Every team has its bench players and supporting cast and these players are usually the scout team in practice. These walk-on players could have gone to any college to play but they chose to put on their college uniform even if they never see the court. As for these select members of the Kansas Jayhawks, it meant the chance to play in Allen Fieldhouse and become part of the tradition at Kansas.
There have been some outstanding walk-ons in Jayhawk history that made an impact on the court. One of those players was Christian Moody. Moody was recruited by Coach Roy Williams as a walk-on and he earned his way into the starting five for the Kansas Jayhawks during his junior year as well as earning a scholarship during his final year at the University of Kansas. Moody was very passionate about basketball and the Jayhawks. It was this passion that made him a force to be reckoned with on the court and a legend in the NCAA with CBS analyst Billy Packard hailing him as “the greatest walk-on in the history of college basketball.”

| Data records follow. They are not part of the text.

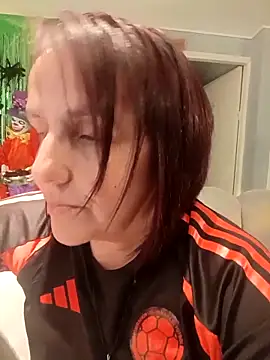 Snapshot of IsisBlake chatting on October 12, 2025, 12:01 am IsisBlake online show from October 12, 2025, 12:01 am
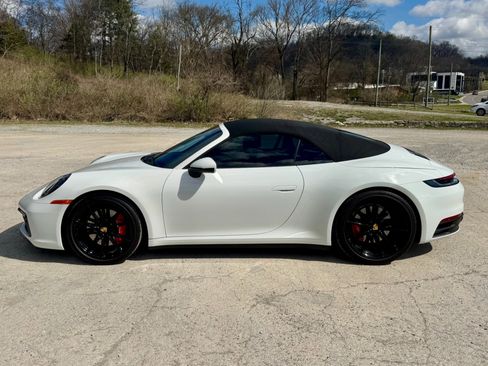 Used 2020 Porsche 911 Carrera 4S image 16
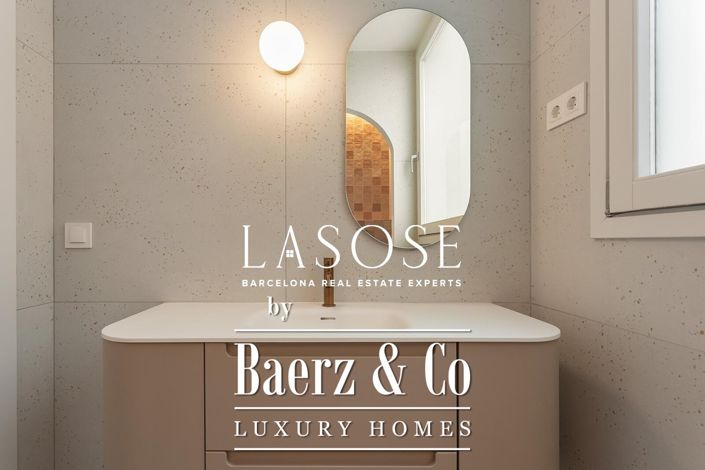 Image No.30-3 Bed Property for sale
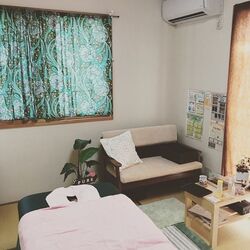 今日、初めて伺...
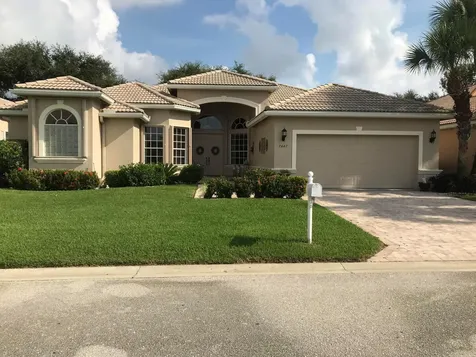 7447 Viale Angelo Delray Beach FL 33446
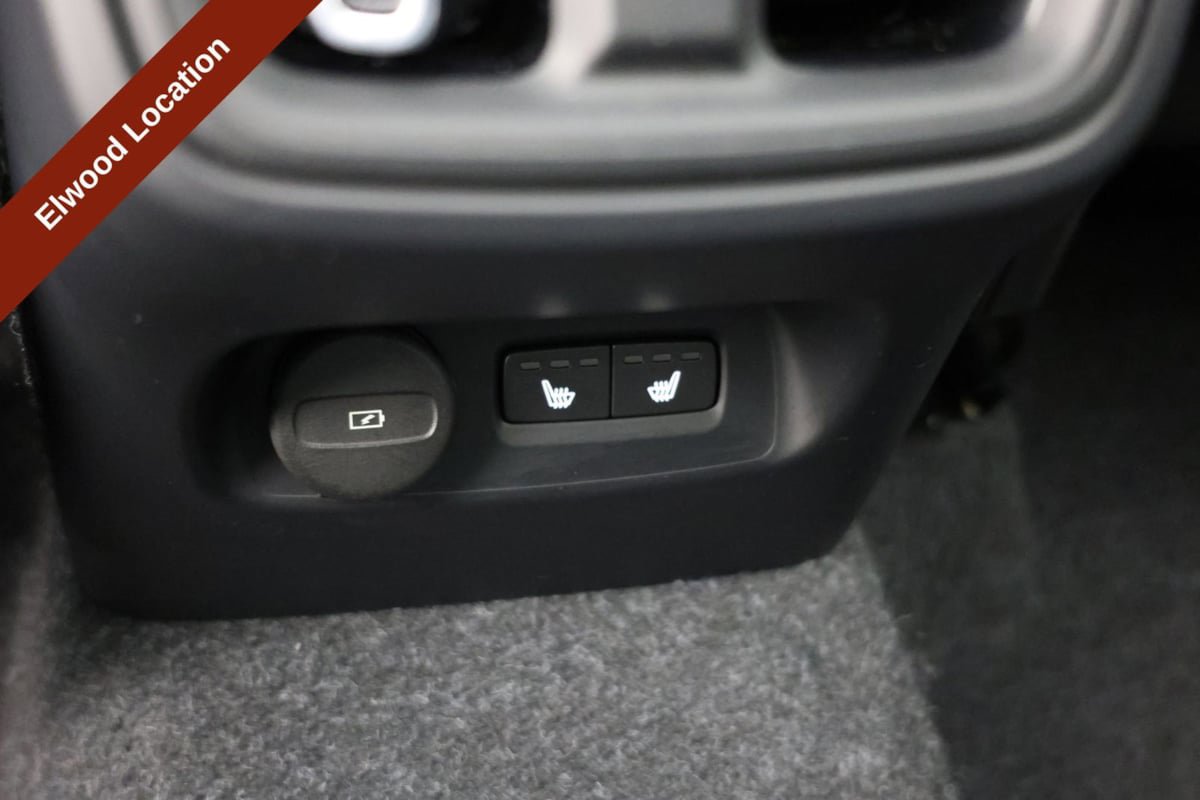 Used 2025 Volvo XC40 B5 Core AWD/4WD image 32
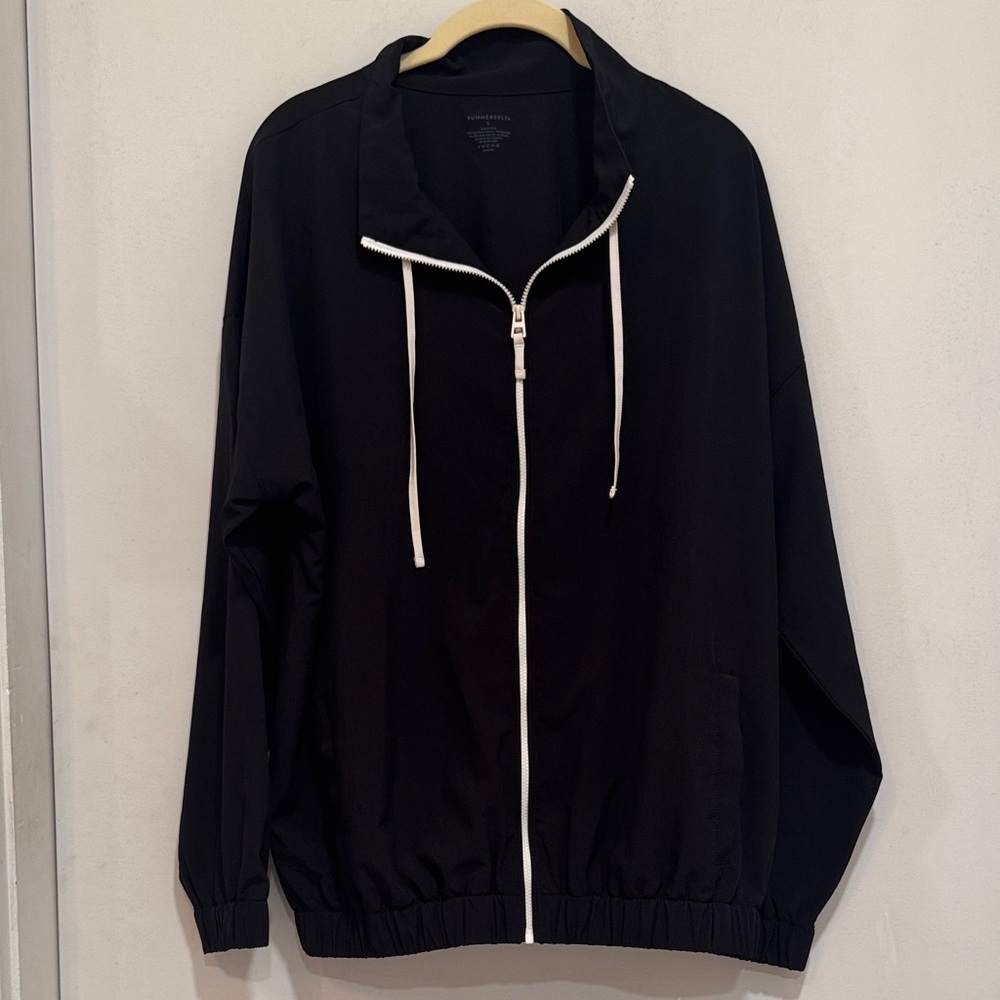 Summersalt Large Black Zip-Up white detail lightweight Jacket
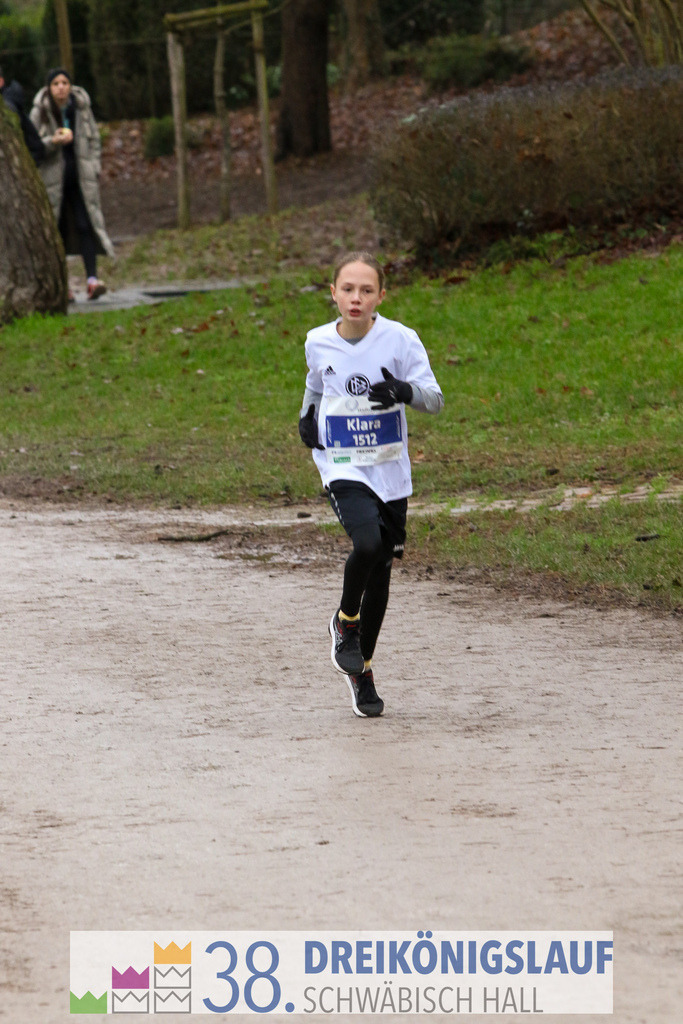 1700m Stadtwerke Jugendlauf | 3 Koenigslauf 2024 1700m Stadtwerke Jugendlauf - Realisiert mit Pictrs.com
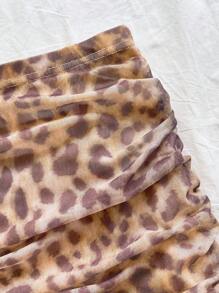 SHEIN x Eduarda Gutierrez Soleia Multicolor Animal Print Two-Piece Outfit With Halter Top And Ruched Skirt Leopard Print Two Piece Leopard Skirt Set - Multicolor - View 6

This season, two famous walk-ons joined the team: Tyler Self and Evan Manning. They are probably best known for their famous fathers, Bill Self and Danny Manning. Self, when he decided to walk-on, said this about playing for Kansas: “I think that KU is just an awesome place. I honestly don’t see how anybody would want to go anywhere else…I am excited to be part of the team, to do whatever I can to contribute. I think ‘excited’ is the right word for it.” Manning showed similar enthusiasm saying, “It is a dream come true. It is such a unique opportunity. It’ll be cool to wear Kansas across my chest. It’s unbelievable.” Another famous walk-on is, Niko Roberts because just like the other two his dad is Norm Roberts who took Danny Manning’s coaching spot as Manning became the head coach at Tulsa this season. These guys are not the only ones who contribute to this team day in and day out and they might not get the playing time but they sure do help this team get prepared for the next contest.
The other more unknown walk-ons are Christian Garrett (who, by the way, we are naming our son’s middle name after) and Justin Wesley. Garrett is a passionate and promising athlete who has played a few minutes in the past few seasons. He had scholarship offers from other division 1 colleges but chose to be a Jayhawk. I had the opportunity to interview him last season where he talked about his passion for his team: “Playing for the Jayhawks is awesome. The coaching staff is great, the environment is great, everyone works hard, and the fans love it.” Wesley is a walk on transfer who is on scholarship this season. He is also the younger brother of former Jayhawk great, Keith Langford. Wesley hasn’t been a great contributor this season due to an injury but we can expect to see more of him in the upcoming games like tonight’s.
Then you have the two guys who, though they don’t get much playing time, will be forces to be reckoned with next season: Andrew White III and Rio Adams (Both being on scholarship). White is a threat from the top of the key and Adams is a great defender. Last but not least is the red-shirt freshman, Landen Lucas whom I also had an opportunity to interview this summer. In the interview, he mentioned that he chose Kansas because of the great coaching staff, the tradition, and his opportunity to develop his skill and play. Lucas decided to sit this season but right now I think the Jayhawks could use his big structure.
These guys might not get all the headlines but they all contribute in their own way to help the Jayhawks win. They are the team’s supporting cast.